[Dataset records]
::::::

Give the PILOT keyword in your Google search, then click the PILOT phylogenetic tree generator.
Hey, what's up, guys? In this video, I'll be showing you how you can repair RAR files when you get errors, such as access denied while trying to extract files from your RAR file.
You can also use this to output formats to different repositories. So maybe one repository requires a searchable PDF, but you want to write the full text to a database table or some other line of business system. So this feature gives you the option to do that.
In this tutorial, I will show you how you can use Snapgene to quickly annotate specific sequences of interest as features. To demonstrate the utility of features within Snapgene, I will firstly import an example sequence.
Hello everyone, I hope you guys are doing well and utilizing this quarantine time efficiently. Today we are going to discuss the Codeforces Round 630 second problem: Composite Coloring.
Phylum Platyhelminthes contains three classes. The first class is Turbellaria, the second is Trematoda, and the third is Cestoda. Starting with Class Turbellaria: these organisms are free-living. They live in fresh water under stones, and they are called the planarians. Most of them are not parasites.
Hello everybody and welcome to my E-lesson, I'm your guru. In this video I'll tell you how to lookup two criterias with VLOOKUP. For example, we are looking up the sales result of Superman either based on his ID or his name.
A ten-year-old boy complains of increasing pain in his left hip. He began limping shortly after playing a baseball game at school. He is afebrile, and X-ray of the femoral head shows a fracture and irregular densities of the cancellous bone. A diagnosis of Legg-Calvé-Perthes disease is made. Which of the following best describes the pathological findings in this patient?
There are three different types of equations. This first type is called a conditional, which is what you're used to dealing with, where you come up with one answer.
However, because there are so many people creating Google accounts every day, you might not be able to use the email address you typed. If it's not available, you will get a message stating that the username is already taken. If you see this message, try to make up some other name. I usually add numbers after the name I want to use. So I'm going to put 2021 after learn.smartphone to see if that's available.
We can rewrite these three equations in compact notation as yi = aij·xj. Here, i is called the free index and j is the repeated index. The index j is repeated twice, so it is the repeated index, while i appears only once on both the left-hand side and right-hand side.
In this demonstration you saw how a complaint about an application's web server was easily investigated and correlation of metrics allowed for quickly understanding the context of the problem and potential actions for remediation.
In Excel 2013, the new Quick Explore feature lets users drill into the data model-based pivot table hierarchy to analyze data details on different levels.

::::::

## PROBLEM TO SOLVE:
Please output exactly the lines between the one holding "In this tutorial, I" and the one holding "Hello everyone, I" in the records above, inclusive, and nothing more.

## SOLVED EXERCISE:
In this tutorial, I will show you how you can use Snapgene to quickly annotate specific sequences of interest as features. To demonstrate the utility of features within Snapgene, I will firstly import an example sequence.
Hello everyone, I hope you guys are doing well and utilizing this quarantine time efficiently. Today we are going to discuss the Codeforces Round 630 second problem: Composite Coloring.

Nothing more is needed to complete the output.